Shares in Australia also rose as the S&P/ASX 200 gained 0.74%. The S&P BSE Sensex in India advanced 1.08% and in Southeast Asia, the Singapore’s Straits Times index added 0.50%.
Overnight on Wall Street, the major averages dropped more than 1% each. The Dow Jones Industrial Average fell 1.23%, to 34,932.16, the S&P 500 shed 1.14% to 4,568.02, and the Nasdaq Composite declined 1.24% to 14,980.94.
OIL
Oil prices edged higher on Tuesday, started to recover from concerns the spread of the Omicron variant would crimp demand for fuel and signs of improving supply.
The Brent now traded at $72.06 per barrel, and U.S. crude futures traded at $70.98 per barrel.
Oil prices slumped around 3% on Monday.

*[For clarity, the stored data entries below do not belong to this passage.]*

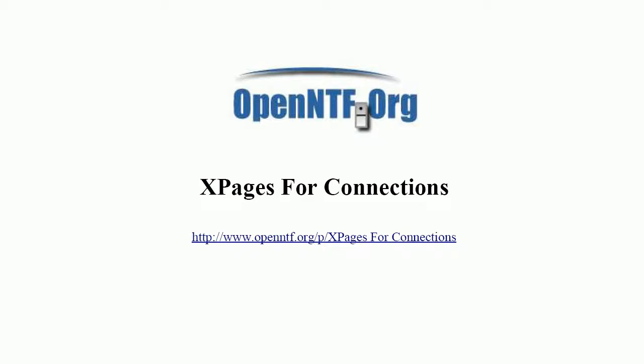Hi everyone, Niklas Seidloff here from IBM and OpenNTF. In this video I'm going to describe a new project on OpenNTF called X-Pages for Connections.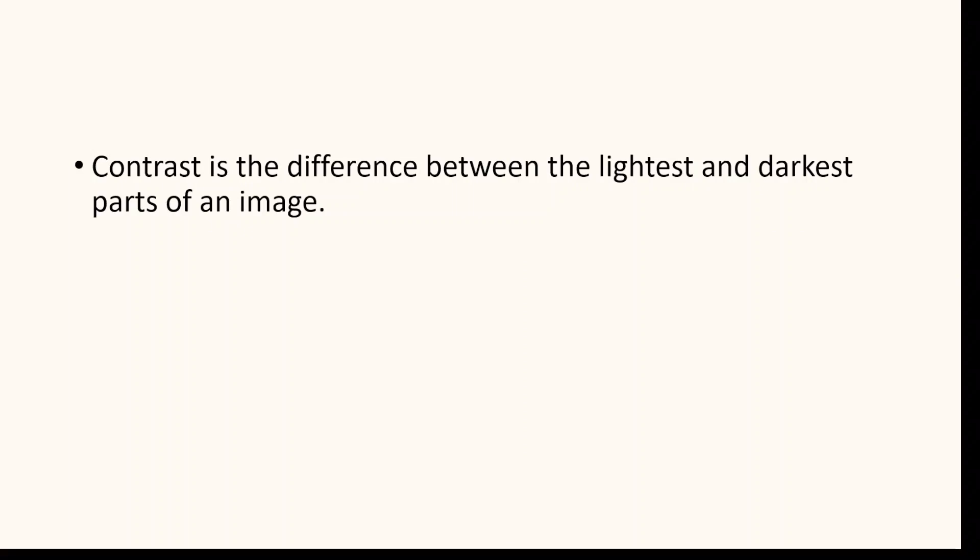When the contrast is low, the image appears flat and lacks details. When the contrast is high, the image appears sharper and more vibrant.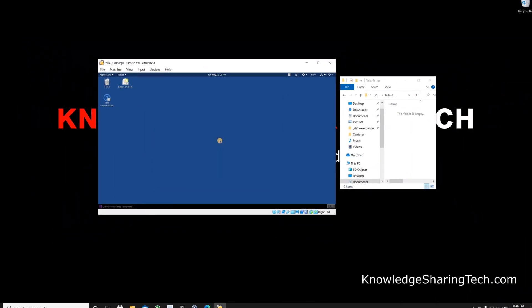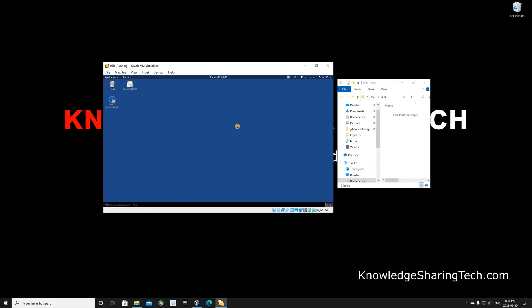That was it for Tails. I hope this video shed some light on how to install and use Tails under VirtualBox. If you think this video might help others, please share it, subscribe to my channel, and give it a thumbs up. Thank you all for watching, and see you in the next video.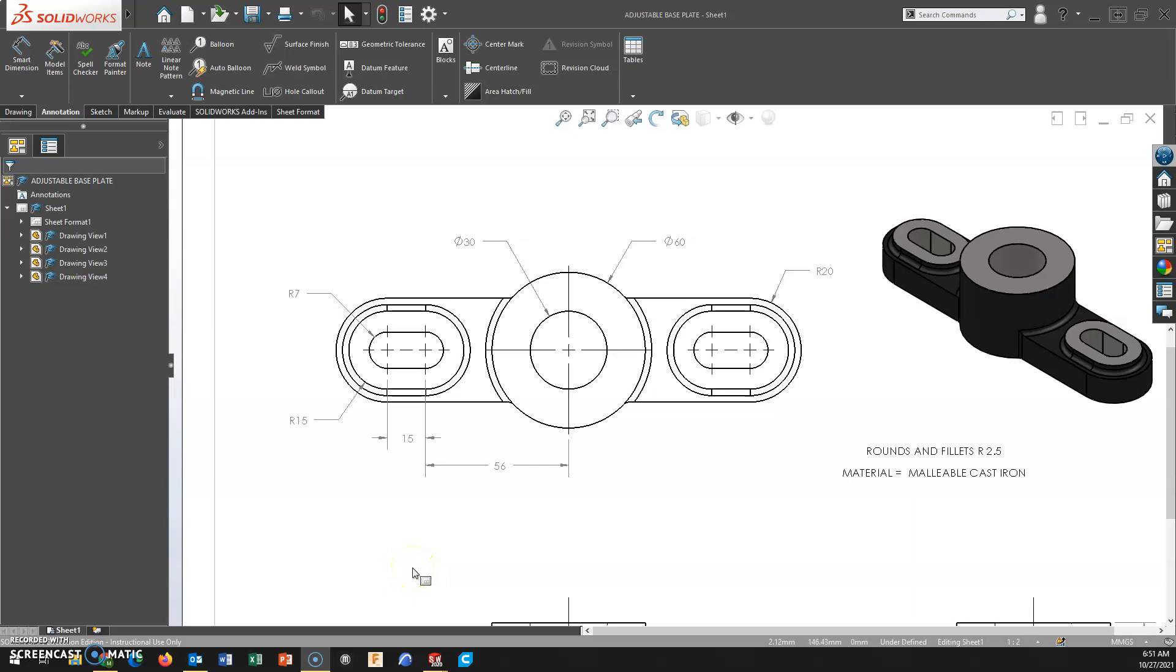In this video, we'll take a look at adding center marks to the slot here in a drawing in SOLIDWORKS.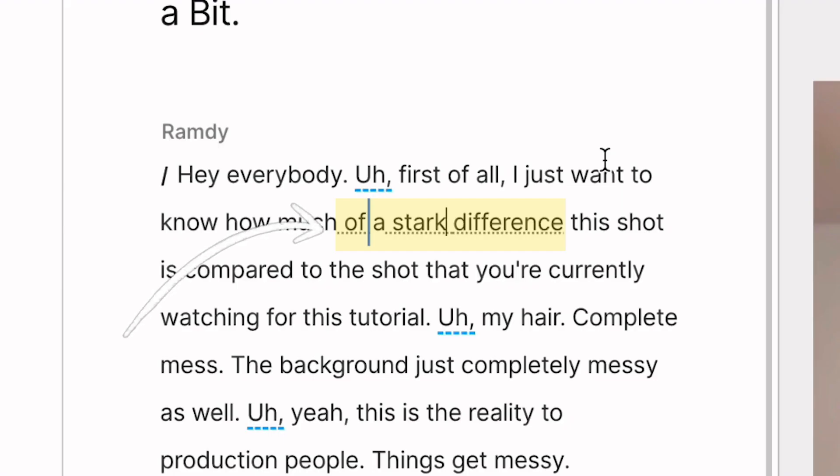You'll see this little underline pop up for a few seconds. That just means that Descript is re-syncing your transcription to your audio.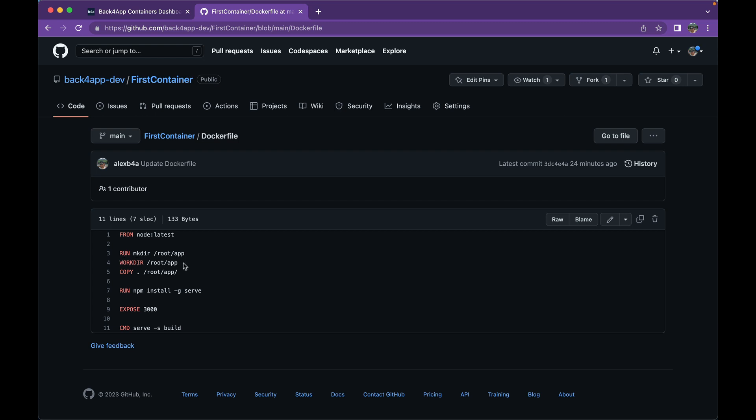And then copy all the files to inside that folder. So copy dot, this will copy everything in the root folder of my GitHub to /root/app. Then we are going to use an npm module called serve in order to serve these files. We have to install it as a global, so we're going to run a command npm install -g so it runs globally, and serve.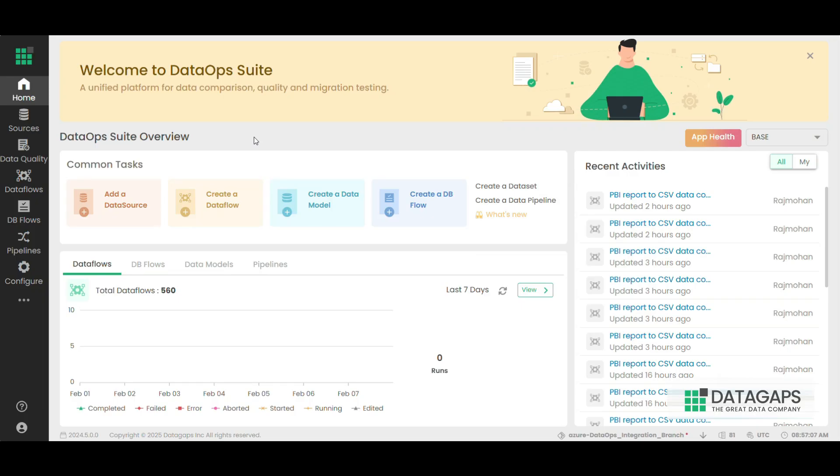Hi everyone, in this video we'll discuss how to create a Tableau connection using DataOps Suite BI Validator.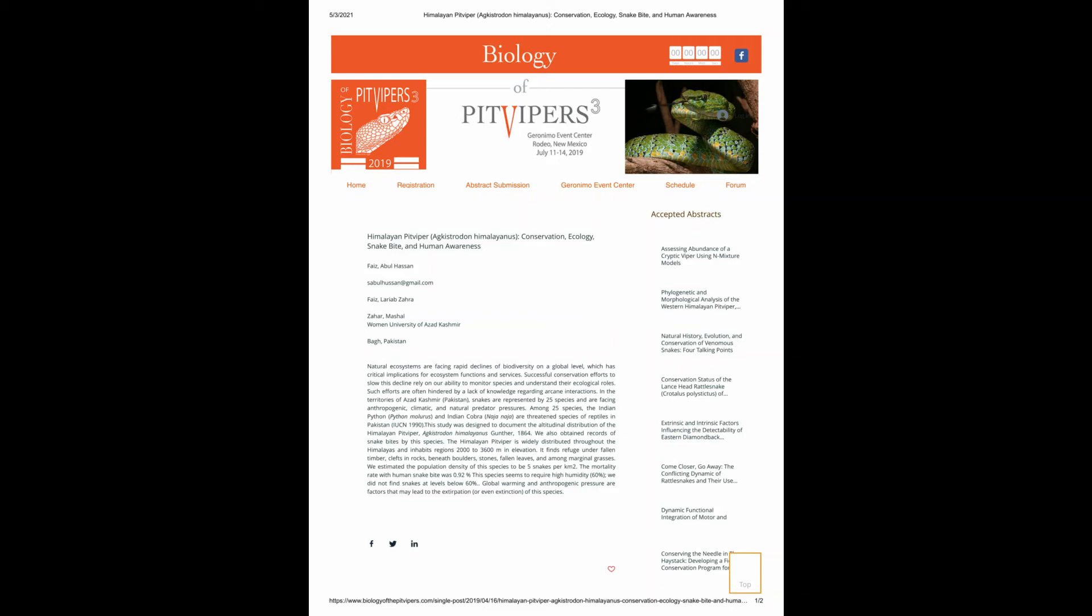Himalayan Pit Viper, Agustradan Himalayaness, Conservation, Ecology, Snakebite, and Human Awareness by Dr. Ray H. Faze, Women University of Azad Kashmir, Pakistan.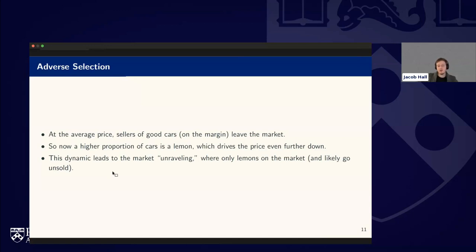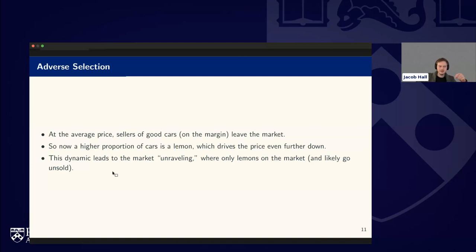Now a higher proportion of cars on the market are lemons, which drives the price down even further. The lower price causes more sellers of good cars to leave, which raises the lemon proportion again, driving the price down further — and the whole market unravels. The price falls further, more sellers leave, and eventually only lemons remain on the market and they'll likely go unsold. The whole market collapses into junk.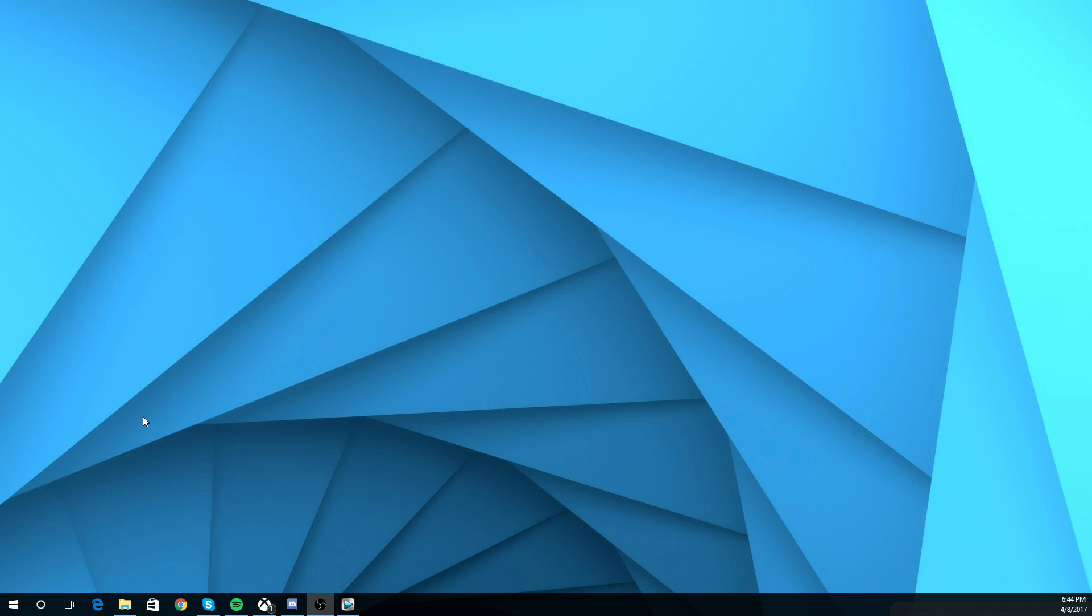This video is going to be on how to stream and how to game on two monitors. So how to have your stream, your twitch chat, whatever you want, even if you don't even want to stream, you just want to watch a movie or something on one monitor and play a video game or something else on the other monitor.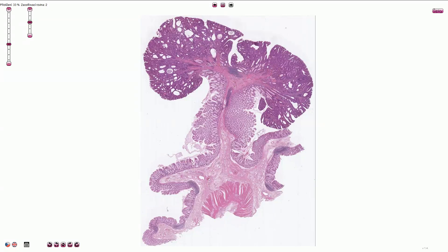On this slide we can see a colonic polyp and here is the normal colon. Here we can recognize the mucosa, muscularis mucosa, submucosa, and muscularis propria.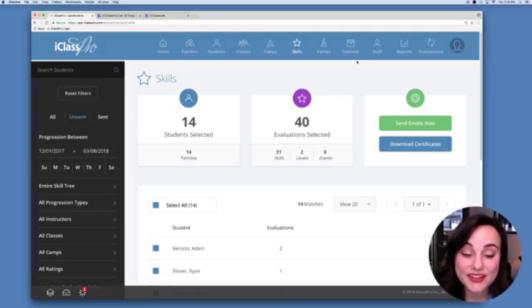If you need any additional help using these features or any other feature in iClass Pro, visit support.iclasspro.com or contact our support team at 903-353-9329.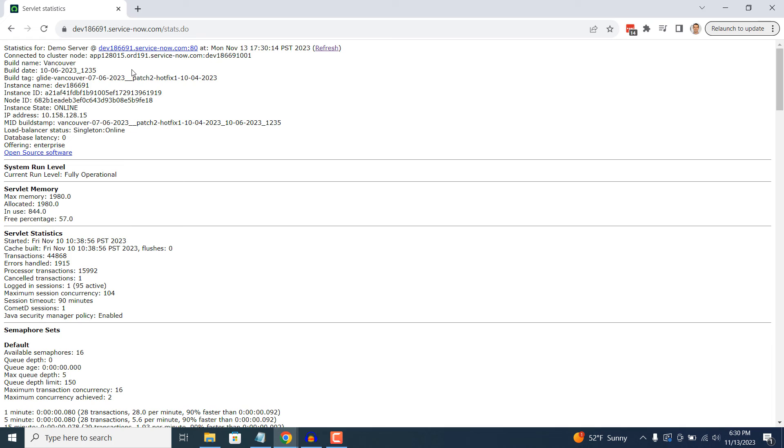As you can see, this instance I'm using is on the Vancouver version of ServiceNow.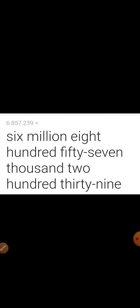Question number A part 5: six million eight hundred fifty seven thousand two hundred thirty nine.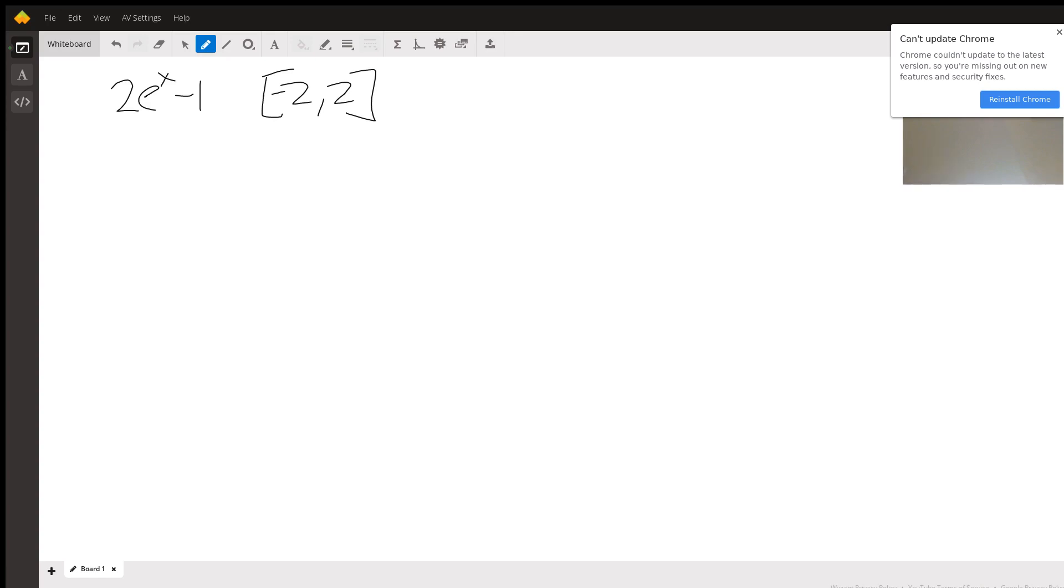Really all we're doing here is just the definition of a definite integral. So we're just going to set up our integral here, we're going from negative 2 to 2, and then my function is this guy: 2e^x - 1 dx.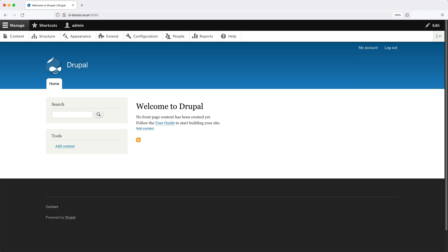Let's take this homepage, for example. The logo and site name is displayed using a site branding block. The navigation, which just has the home link, is also a block.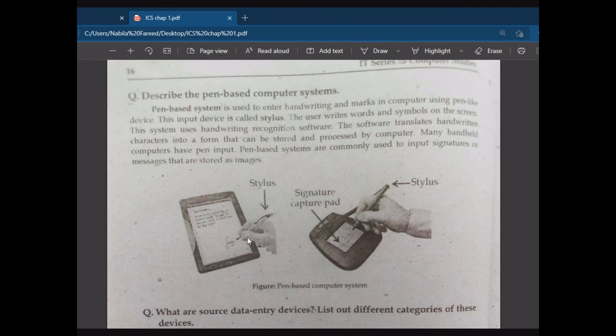This concludes Lecture 2, Part 2. Next is Lecture 2, Part 3: Source Data Entry Devices, which is the third type of input device. Thank you so much.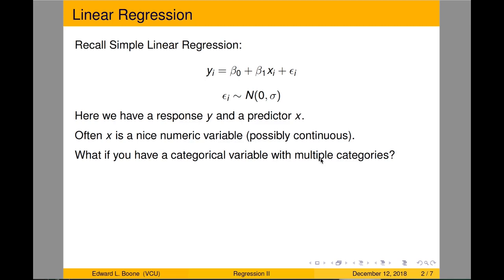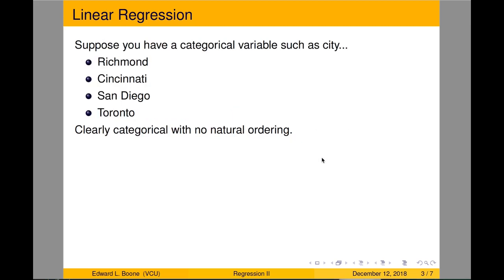Last time we looked at dichotomous variables. Now let's look at when they have more than one category and they're really not orderable. Suppose you have a categorical variable such as city — Richmond, Cincinnati, San Diego, and Toronto. Clearly there's no natural ordering to these. So we're going to create indicator variables that will tell us which city we're in.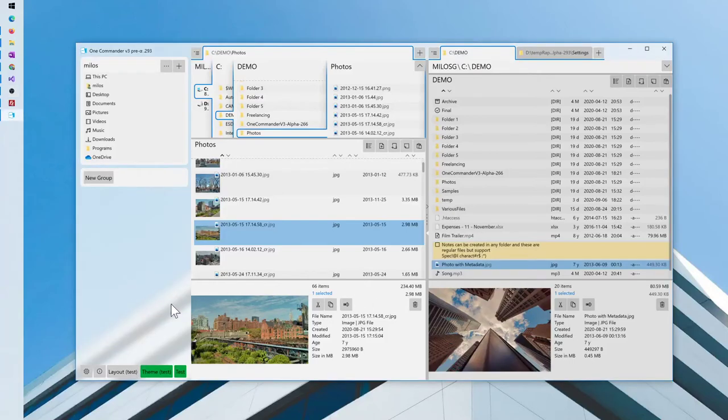Hi, this is build293 of OneCommander version 3 alpha. Download link is in the description.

The Brent futures ends at $71.52 a barrel, while the WTI crude oil prices closed to $68.23 per barrel.
CURRENCIES
U.S. dollar took a hit after Democratic West Virginia Senator Joe Manchin's announced that he will not support Joe Biden administration's nearly $2 trillion social spending plan, citing inflation concerns. Less stimulus, weaker growth, and rates dropping at the short-end was enough to push the dollar slightly lower. The dollar index was down at 96.500.
The yield on benchmark 10-year Treasury notes was at 1.417% compared with its U.S. close of 1.419% on Monday.
GOLD
Spot gold was traded little changed at $1791.10 per ounce. U.S. gold futures slipped slightly to $1,791.60.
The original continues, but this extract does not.